Posted on: April 5, 2017 | Posted by: Alison Miller

The number 4 figures loudly and persistently for me this year.

The month of March figures just as hugely.

The end of May rings loudly in my heart too.

 

Chuck and I lived on the road, adventuring in our Happily Homeless travels, for 4 years.

In those 4 years, we traveled all of the lower 48 states and oh, the sights we saw.  I saw places and things I only ever thought to see in picture books.

I remember standing in front of Mt Rushmore, and saying to Chuck I can’t fucking believe I’m seeing this.

Driving through the Badlands of South Dakota and visiting Pine Ridge Indian Reservation, and visiting their cemetery; the strong and beautiful Native American names marking the graves of those who’d died.

Together, Chuck and I trod in the footsteps of those who came before us, hundreds of years as our country was settled.  We stared into dried wagon wheel tracks and heard the heart-wrenching stories of loss along the trail.

We visited the site of Little Big Horn, where Custer and Sitting Bull fought on that hot June day of 1876, as wives and sisters waited back at Ft Lincoln, only to have a rider stumble in and gasp that all were wounded none missing all dead.

We saw so much together, and our Love grew as we sat 2 feet across from one another for those 4 years and talked about everything and nothing and grew our friendship and marriage and passion. 

It was a spectacular 4 years.

At the end of May, I’ll have been on the road solo, on my Odyssey of Love, for 4 years.  I’ve gone from anxiety about towing a trailer, with no clue about camping, uncertain of my road, literally and figuratively, to being able to back my rig up on a fucking dime or do a k-turn in a tight spot.

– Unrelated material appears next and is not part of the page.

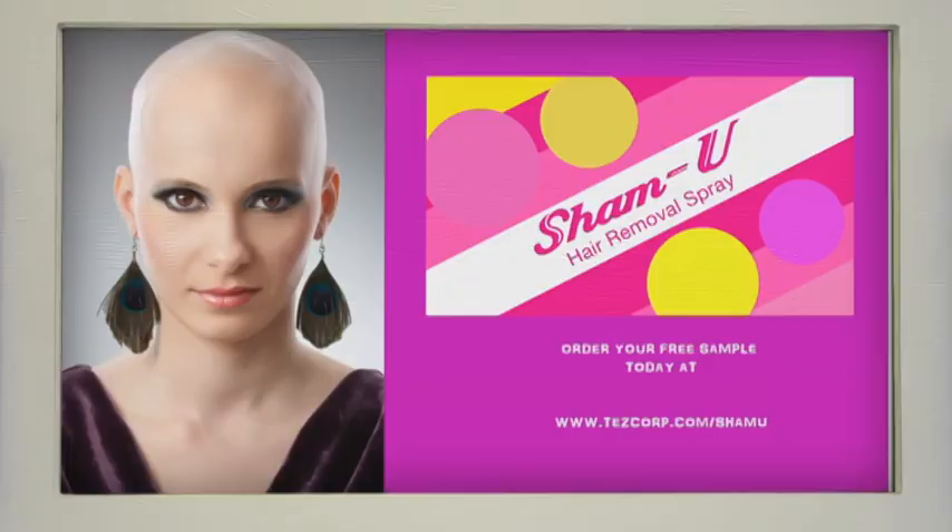So you're gonna steal my hair, are you motherfucker? Get the perfect bald finish with Sham You. I ain't got enough as it is. Just get a bottle all up quick.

I’ve criss-crossed the country 8 times and I’m just shy of 100,000 miles on my car and trailer combined.  I’ve met hundreds of people and am now friends with widow/ers around the country.

4 years solo.  8 years altogether, living on the road, counting my years with Chuck.

March is the month his first cancer struck.  He went through 5 major surgeries to eradicate it.  I was his nurse for each of them. From the moment of finding out, and the accompanying horror, and the tears of anxiety and fear to tears of relief when they told us he had excellent odds that the cancer was gone, gone, gone, never to be seen again.  My beloved husband was the first ever cancer survivor I’d ever known.

March is also the month I took him to the ER out in southern CA, where they admitted him to the hospital, from which he never came home.  He went from there to hospice, where he died 3 weeks later.

March is a really mixed up month for me. 

The end of May, 2009, is when our house in NJ finally sold and we had the closing and packed up a truck and our car and set out on our adventures. 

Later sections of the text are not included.